YOUR GOAL: The records below must be transcribed exactly. Do not include the pictures.

MATERIAL SUPPLIED:
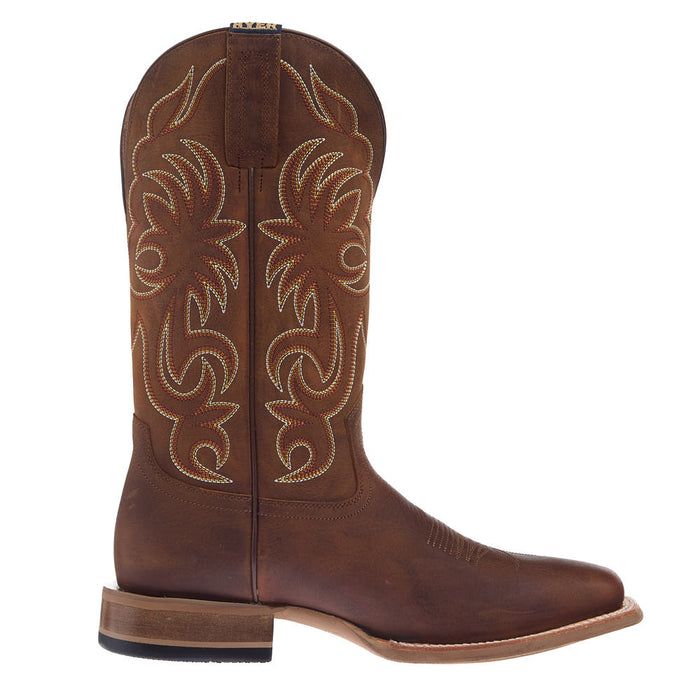 Hyer Boots Men's Burdett Brown Butter Cowhide Vamp 13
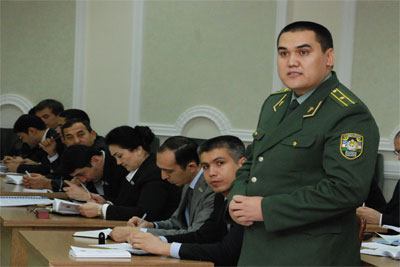 Фракцией УзЛиДеП обсужден проект Таможенного кодекса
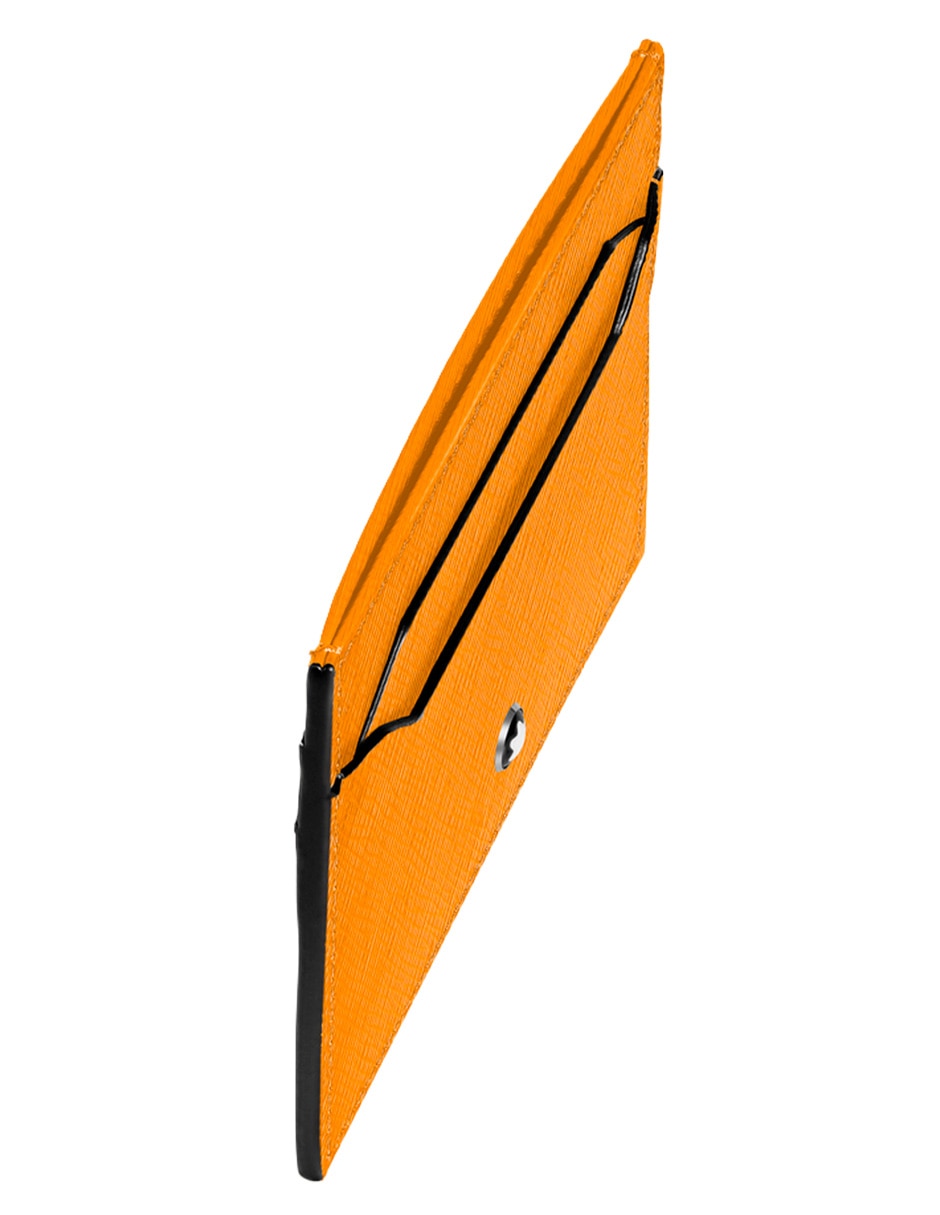 Tarjetero de piel unisex 2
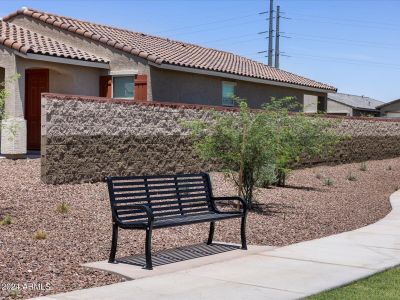 New construction Single-Family house 20755 N Roadrunner Ln, Maricopa, AZ 85138 Bailey- photo 71 71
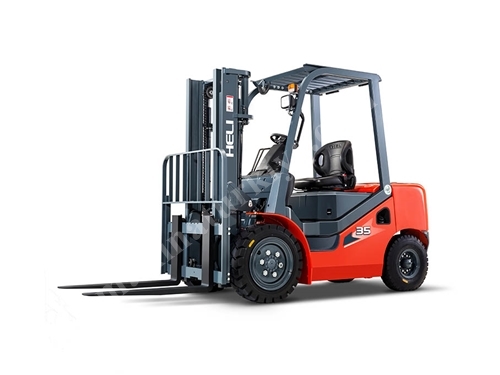 3500 Kg (3300-4700 mm Lift) Diesel Forklift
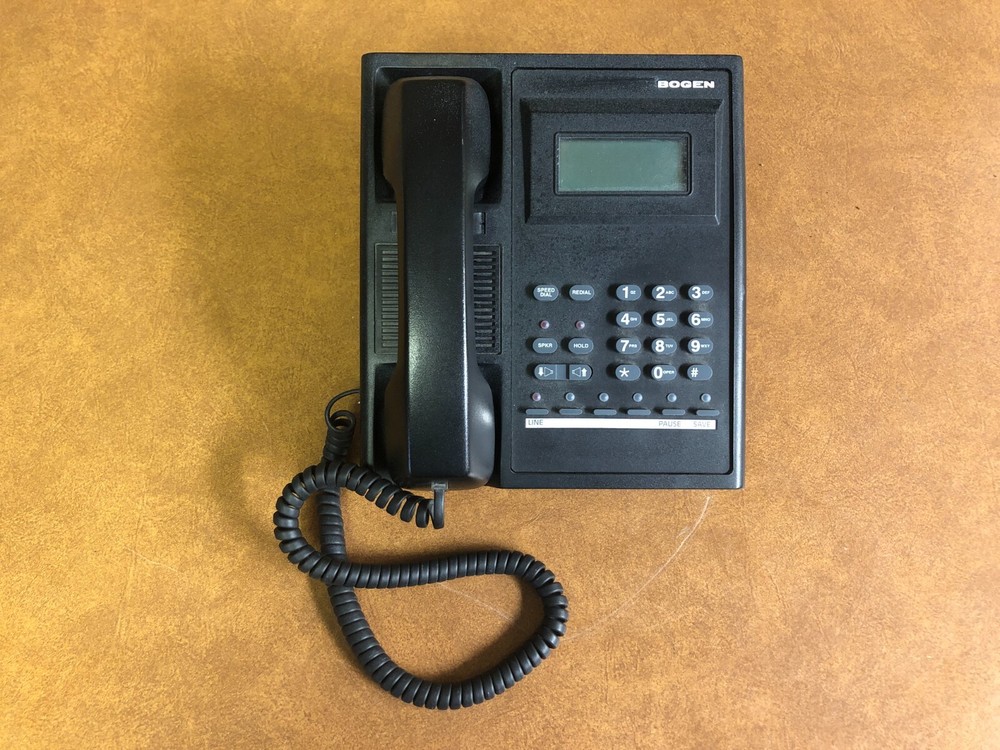BOGEN MC2000  MCDS3 / MCDS3 Administrative Display Telephone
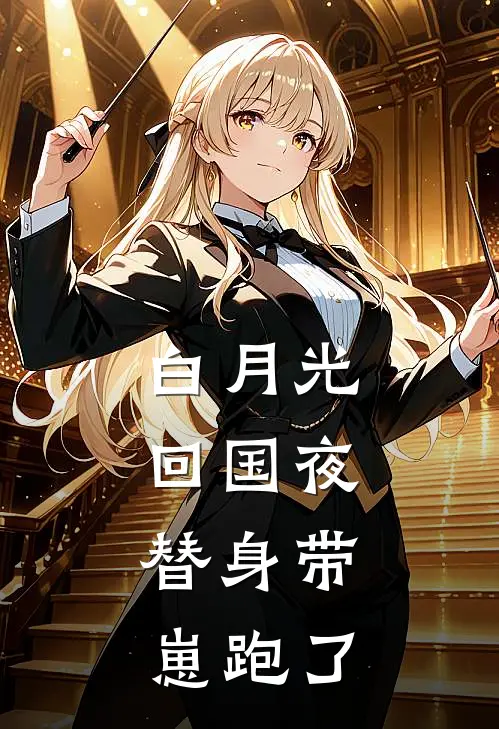 白月光回国夜，替身带崽跑了
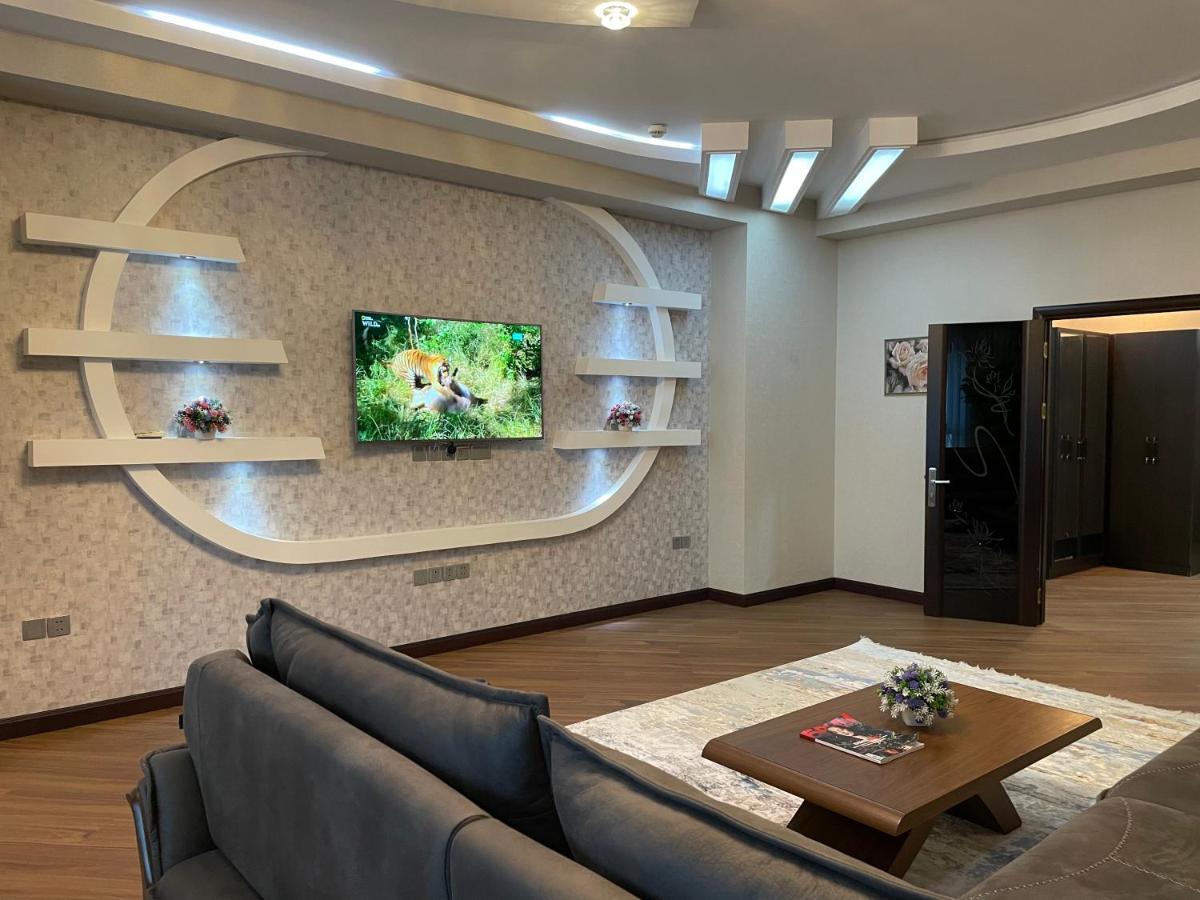 Meqafun Sea View Apartment Baku Exterior photo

REPLY TO THE TASK:
 Hyer Boots Men's Burdett Brown Butter Cowhide Vamp 13
 Фракцией УзЛиДеП обсужден проект Таможенного кодекса
 Tarjetero de piel unisex 2
 New construction Single-Family house 20755 N Roadrunner Ln, Maricopa, AZ 85138 Bailey- photo 71 71
 3500 Kg (3300-4700 mm Lift) Diesel Forklift
BOGEN MC2000  MCDS3 / MCDS3 Administrative Display Telephone
 白月光回国夜，替身带崽跑了
 Meqafun Sea View Apartment Baku Exterior photo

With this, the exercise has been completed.